Italy are no strangers to the dark arts either. Suffice to say, the winners at Wembley will need to be wily.
And what of Wembley? The home of football, but at times through this tournament a theatre of controversy. Taking the knee, booing opposition national anthems, Captain Tom shining his laser pen at Kasper Schmeichel, and smatterings of nationalism down Wembley Way.
Navigating the changing national sentiment, often dictated by a fickle and impatient press, needs a steady hand. Southgate hath provide. Crowds have been growing at Wembley which could men more negativity from small quarters of the stadium.
Taking the knee has become divisive in itself, its own issue outside of the reason the gesture is performed. People are almost forgetting and the debate has shifted to marxism; multi-millionaire footballers in the prime of their life trying to so sew the seeds of a communist revolution.

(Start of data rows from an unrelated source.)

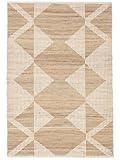 RugVista Zack Teppich - Beige/Weiß 160x230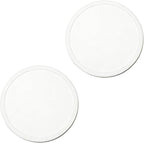 2 Pack Silicone Coasters for Drinks, Round White Coasters by Unknown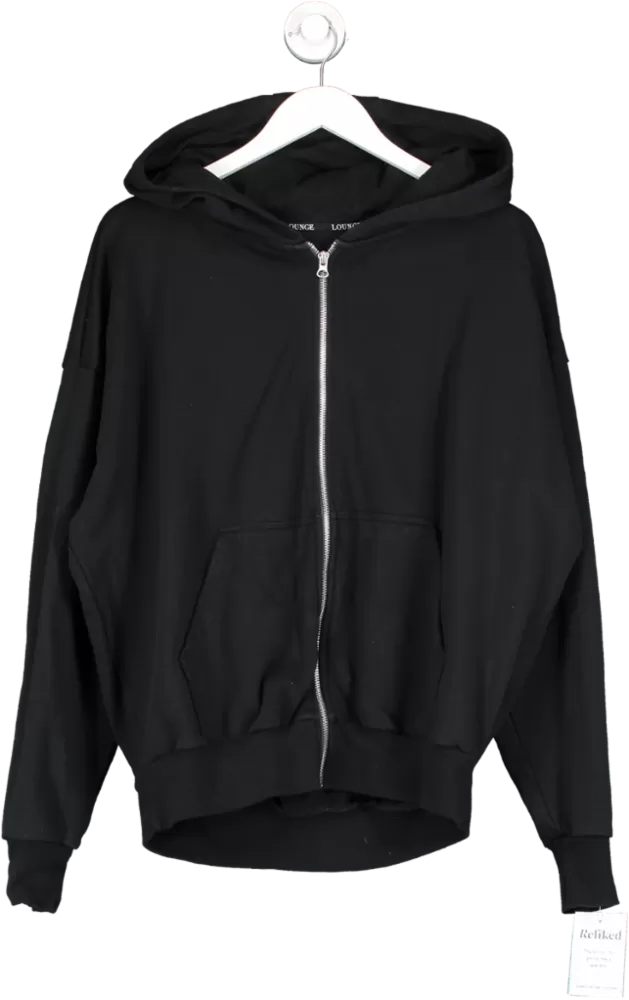 Lounge Underwear Black Zip Up Hoodie UK S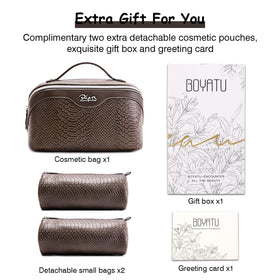 BOYATU makeup bag with handle, side view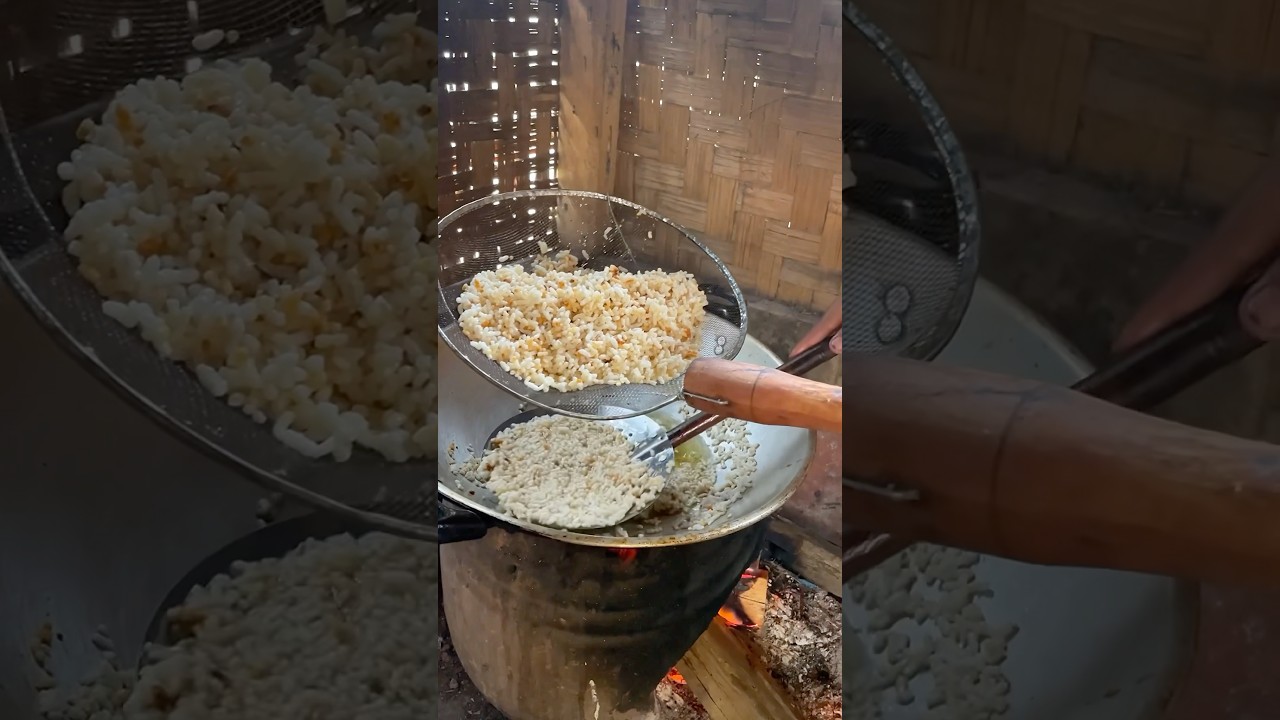 Bikin tenteng atau gipang buat kue lebaran dari nasi sisa #tengteng  #gipang #kuelebaran #cemilan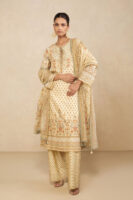 Misbah Kurta Set - Yellow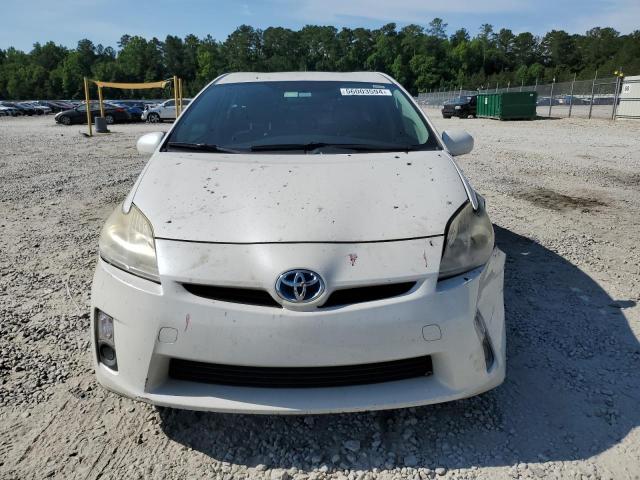 JTDKN3DU6A0107483 - 2010 TOYOTA PRIUS WHITE photo 5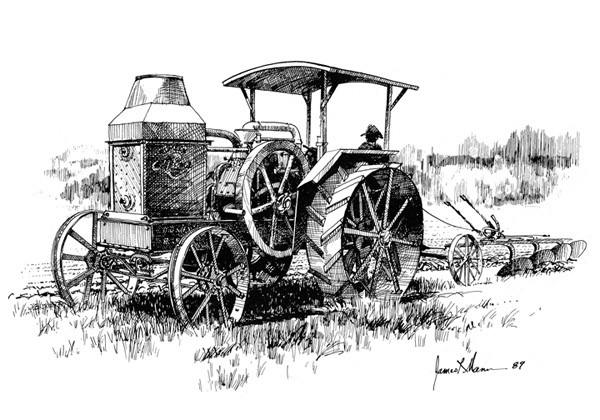 Rumely Oil Pull Model H Tractor 1919
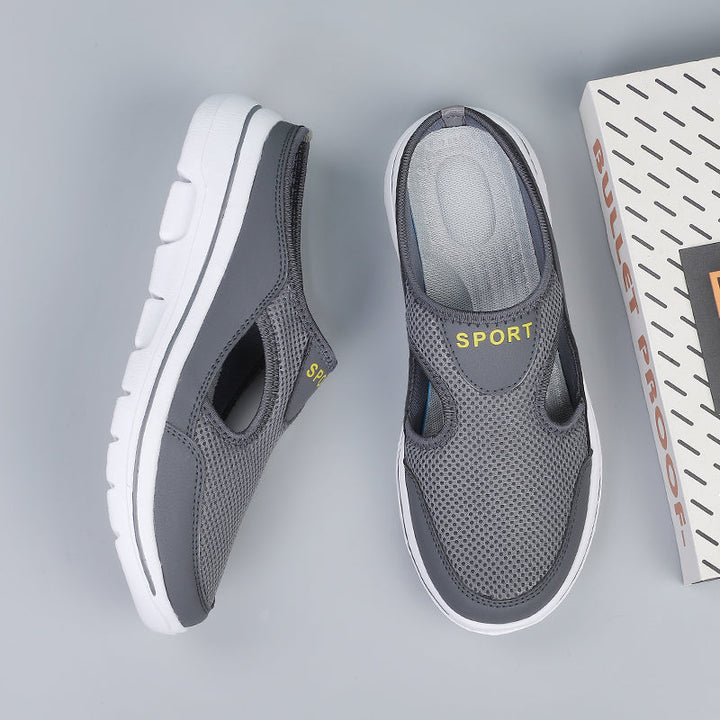 Unisex slip-on shoes for travel & everyday, offering lightweight, breathable comfort with cushioned support.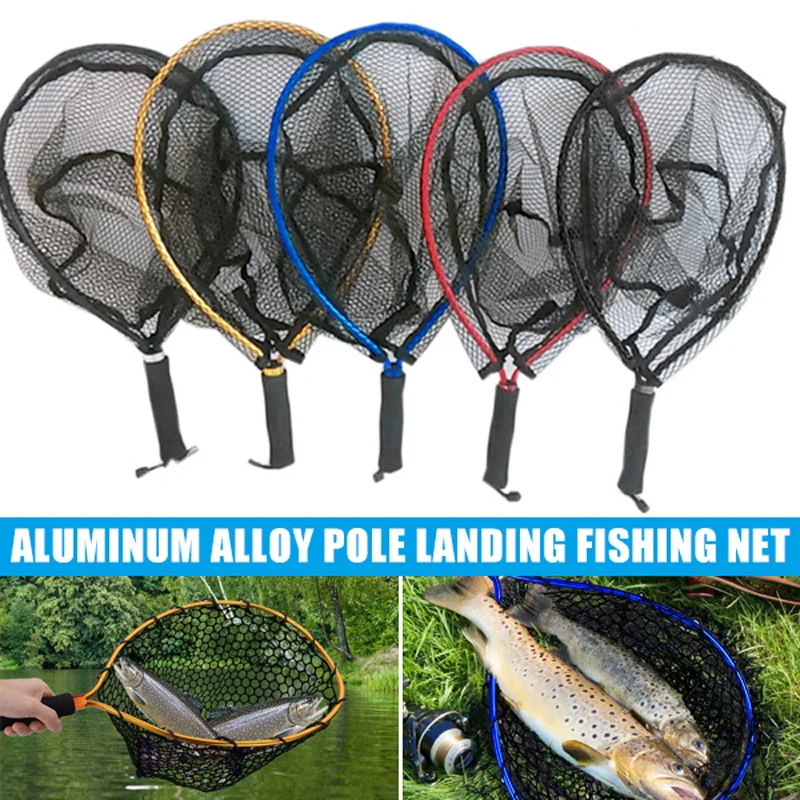 

Fishing Net Non-slip Aluminum Alloy Pole Landing Fishing Net for Catching Fishes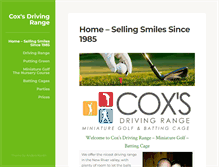 Tablet Screenshot of coxgolf.com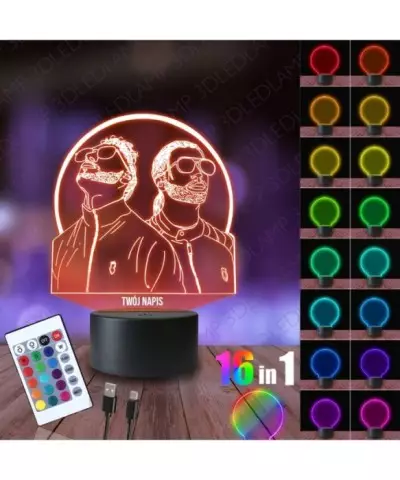 Lampka Nocna 3D LED LAMP PNL Rap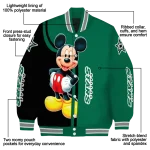 dallas stars mickey mouse green varsity jacket best selling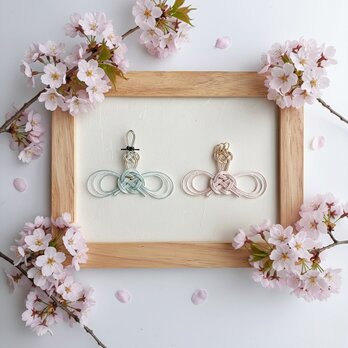 水引のお雛様　ひな祭り　パステルカラー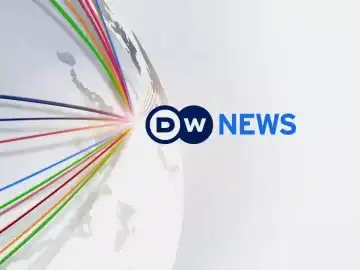 The logo of DW News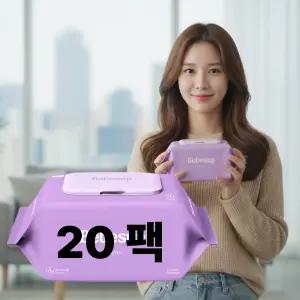 베베숲 프라임 아기물티슈 20 팩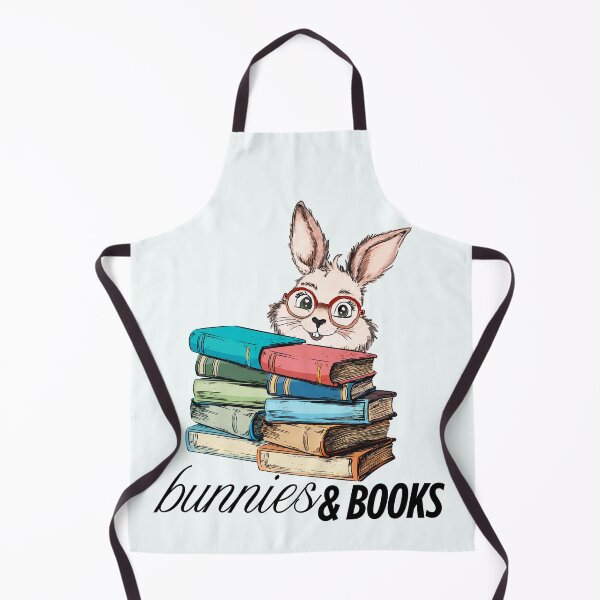 Item preview, Bunnies and books. Drawn smart rabbit with books designed and sold by MySciPic.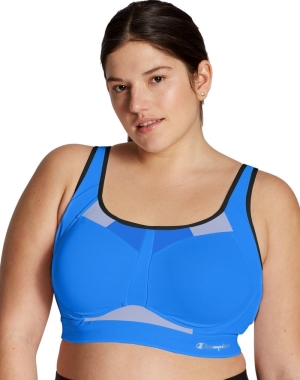 Champion Plus Motion Control Underwire Kadın Spor Sütyeni Mavi | CW3416829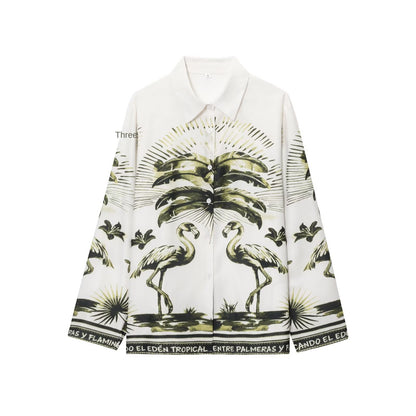 Women's Clothing Printed Shirt + Shorts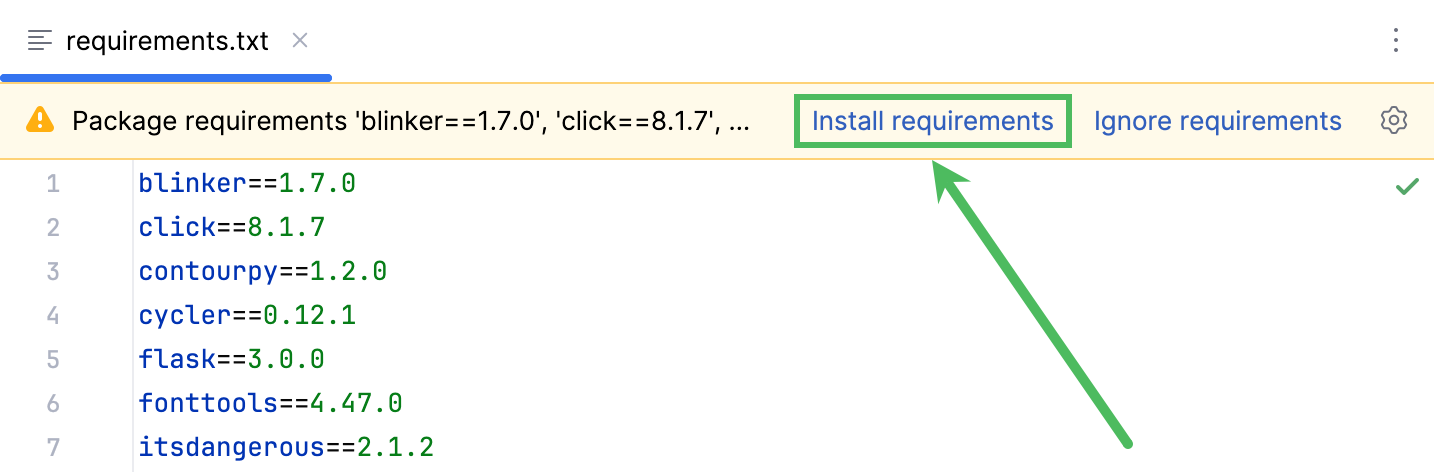 Installing packages required for the application Installing packages required for the application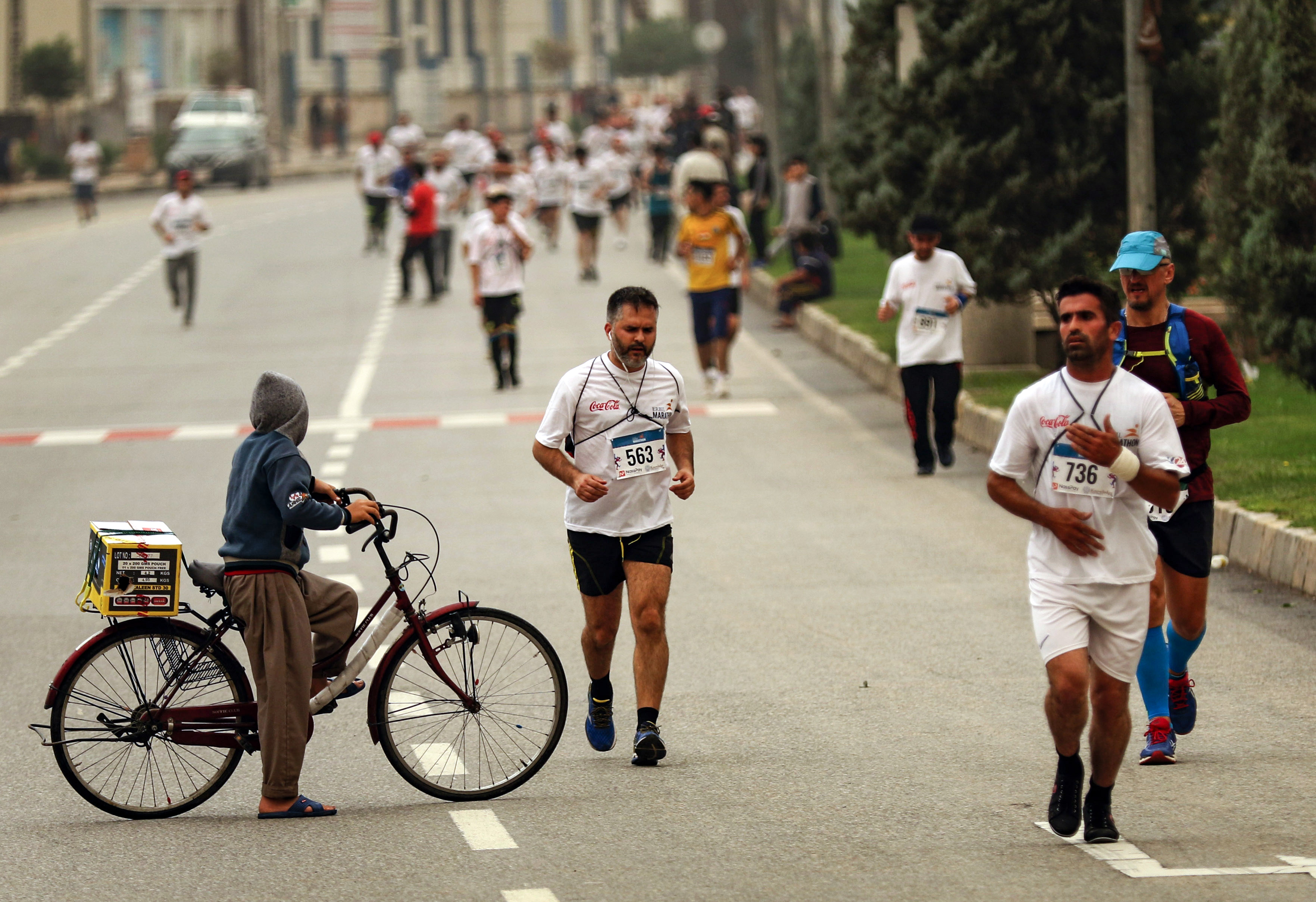 آلاف يشاركون في مارثون اربيل بـ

Hopefully the Czech Republic game, where cheers drowned out jeers, is a barometer of what we can hope for.
How an action, used when one partner proposes to another, or in prayer, can be perceived as anything negative or disrespectful is bizarre. Let it go, enjoy the football, and if our politicians can get back to doing what we voted them in for, leading an inclusive meritocracy of a country, we can let Southgate get back to doing what he was hired for.
Aleks Cerefin, UEFA president, has had to deliver this tournament somewhat against his will. The logistically challenging brainchild of the exiled Michel Platiniti, Cerefin says the format will be first and last time.
As England says farewell to Europe, it’s an opportunity for the country to simply say “tarrah, for now, not goodbye forever. Our friends will always be welcome.”
Despite managing England’s most technically gifted squad, Southgate has been forced in to a delicate spot, balancing football with politics. The open letter, the statements the team will continue to take the knee, the perseverance with Raheem Sterling and Harry Kane. This man believes in England, on every level. He can make England whole again.